When a maintenance-work request reaches the desk of the planner, his or her first action item is to review the request and determine the priority of the work. This determination will influence whether the planner takes immediate action (Emergency Response) or queues the work request for appropriate attention based on a formal or informal priority system.
The decision process to determine work priority will vary greatly from one organization to another. Whereas some operations allow the requestor to provide a preliminary prioritization, many will place that preliminary determination at a help-desk level (if a help-desk exists). Ultimately, final work prioritization is the direct responsibility of the planner, whose determination will influence how that work is planned, scheduled, and performed, in accordance with a pre-determined maintenance workflow response. The more information a work request contains, the easier and faster it is for the planner to make a work-priority decision (see the article “Make Work Orders Work: The Request” below).

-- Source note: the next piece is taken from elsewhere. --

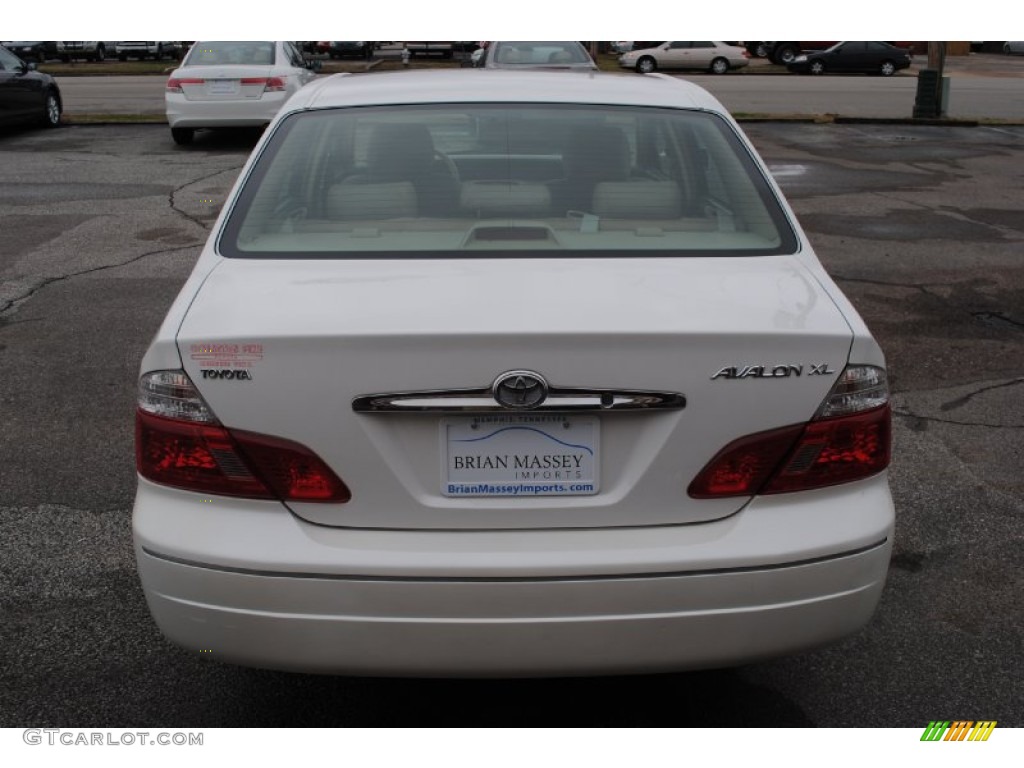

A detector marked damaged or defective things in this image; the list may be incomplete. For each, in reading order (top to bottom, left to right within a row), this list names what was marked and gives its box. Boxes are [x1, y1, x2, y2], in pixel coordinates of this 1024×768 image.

cracked pavement [0, 124, 1019, 729]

In many organizations, requestors almost always rate their work requests higher than the appropriate maintenance response. (That approach is especially prevalent where there’s lack of clarity surrounding the priority-decision process, or a lack of trust due to a traditionally vague and non-inclusive type of maintenance response). A help-desk that might be assisting the requestor could then make a different priority determination, i.e., upgrade or downgrade the priority based on a different understanding of the work requirement or decision process. Moreover, when the work request reaches the planner, the priority could change yet again. All of this creates a broken decision chain that only serves to confuse the client/stakeholder the maintenance department serves.
IMPORTANCE OF A PRIORITY DECISION MATRIX
When clear work priority classification, decision, and workflow processes are in place and followed, they provide a solid foundation on which a maintenance client/stakeholder service-level agreement (SLA) can be built and observed. With a working SLA in place, client/stakeholders no longer feel the need to prioritize their request, instead placing their trust in the planning-and-scheduling-priority process.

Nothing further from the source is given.